５０μＬのラット血漿を３００μＬのＤＭＦで沈殿し、得られる上清を、ポジティブモードのＬＣ−ＭＳ／ＭＳエレクトロスプレーイオン化で化合物含有量について測定した。
コンジュゲート１及びコンジュゲート１のナノ粒子製剤に対する、代表的用量で正規化されたラットの薬物動態曲線を、図１に示す。表１１は、図１に、コンジュゲート１及びコンジュゲート１を含むナノ粒子に対する正規化された曲線下面積（ＡＵＣ）を示す。

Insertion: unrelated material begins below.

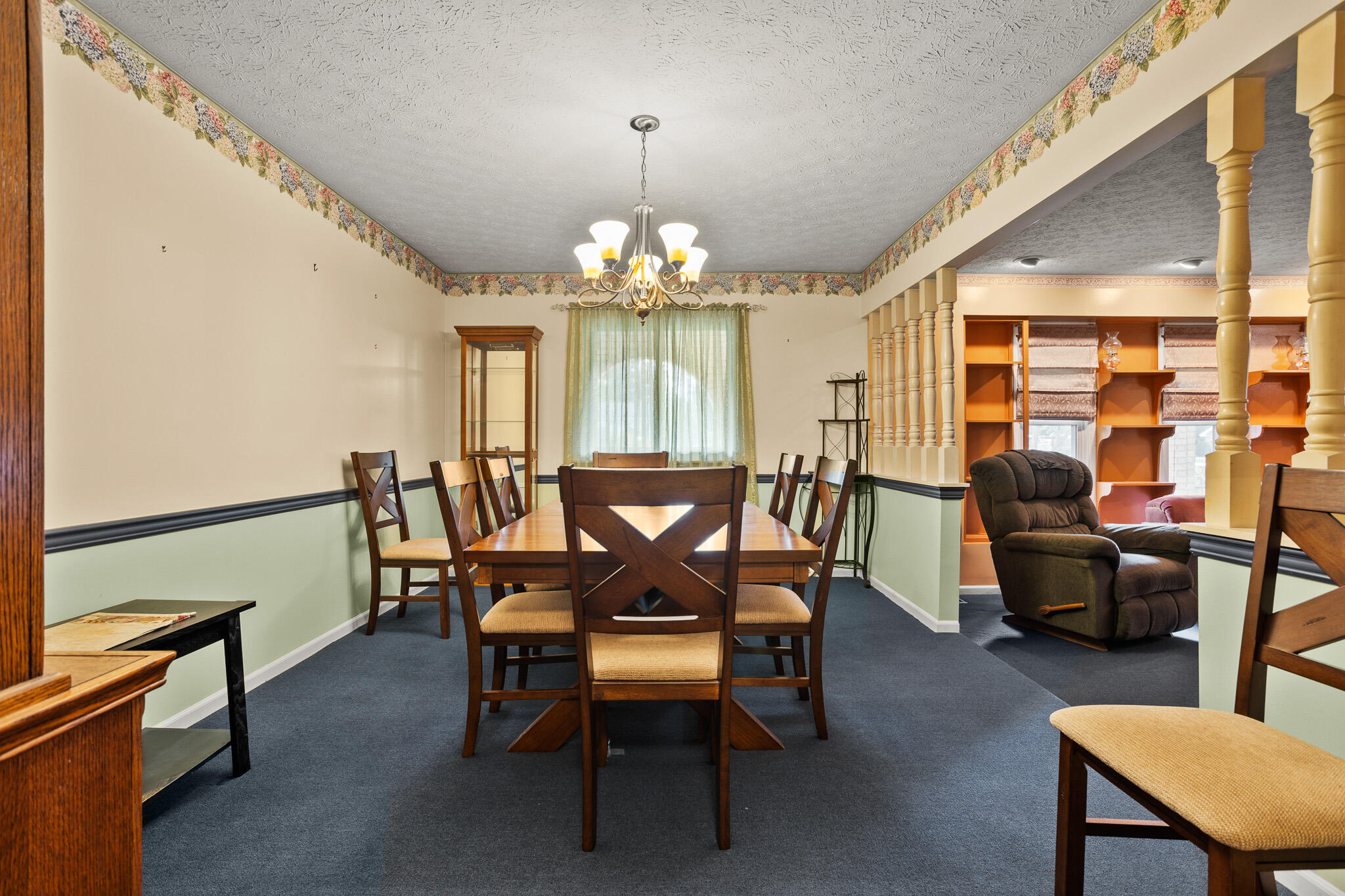 2425 Greenlawn Drive Property Photo 12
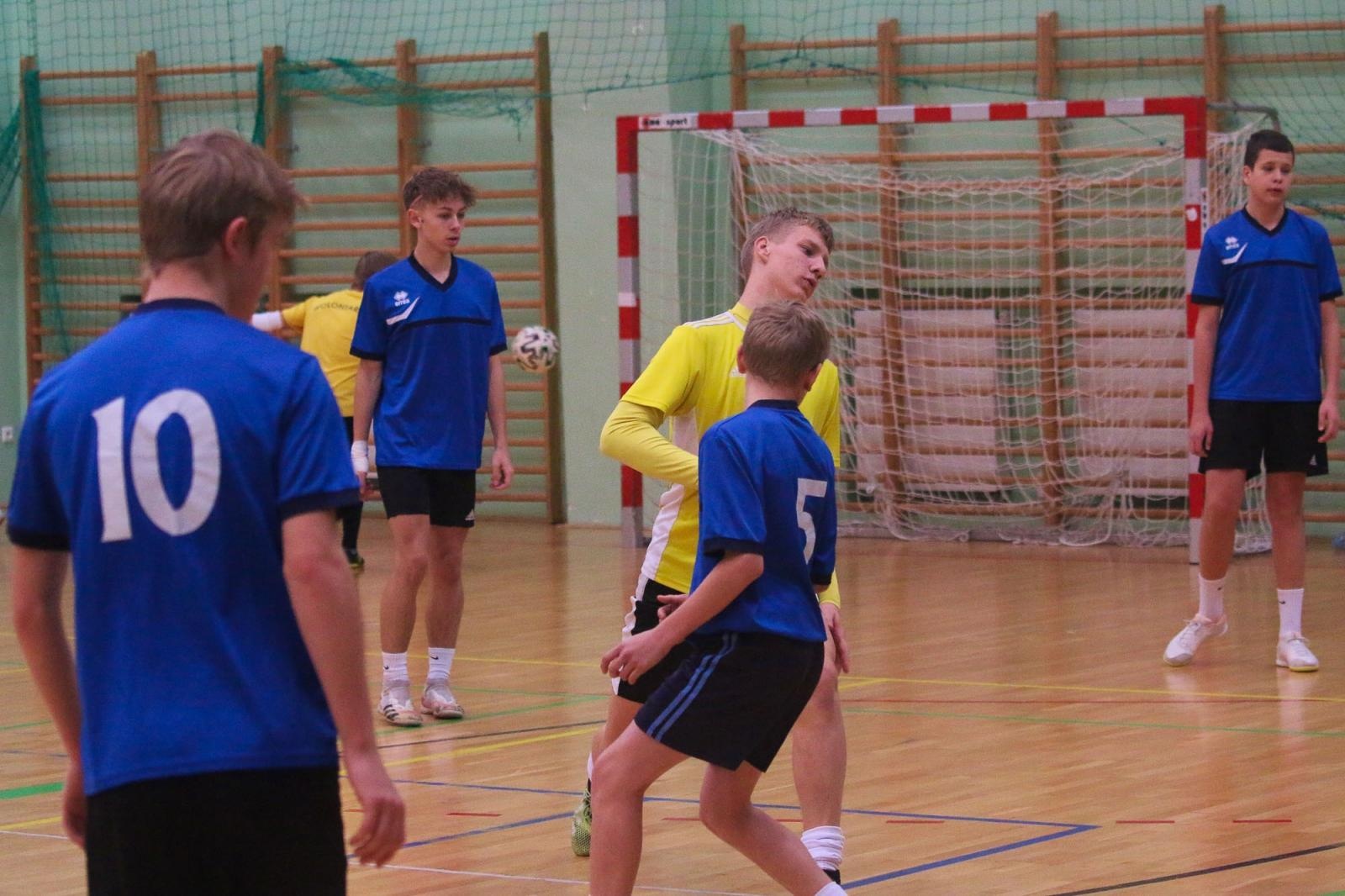 Zdjęcie w galerii na portalu naszraciborz.pl: Drużyna Mechanika wygrywa Makroregionalny Turniej Halowej Piłki Nożnej wiadomości z regionu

コンジュゲート２及びコンジュゲート２のナノ粒子製剤に対する、代表的用量で正規化されたラットの薬物動態曲線を、図２に示す。表１２は、図２に、コンジュゲート２及びコンジュゲート２を含むナノ粒子に対する正規化された曲線下面積（ＡＵＣ）を示す。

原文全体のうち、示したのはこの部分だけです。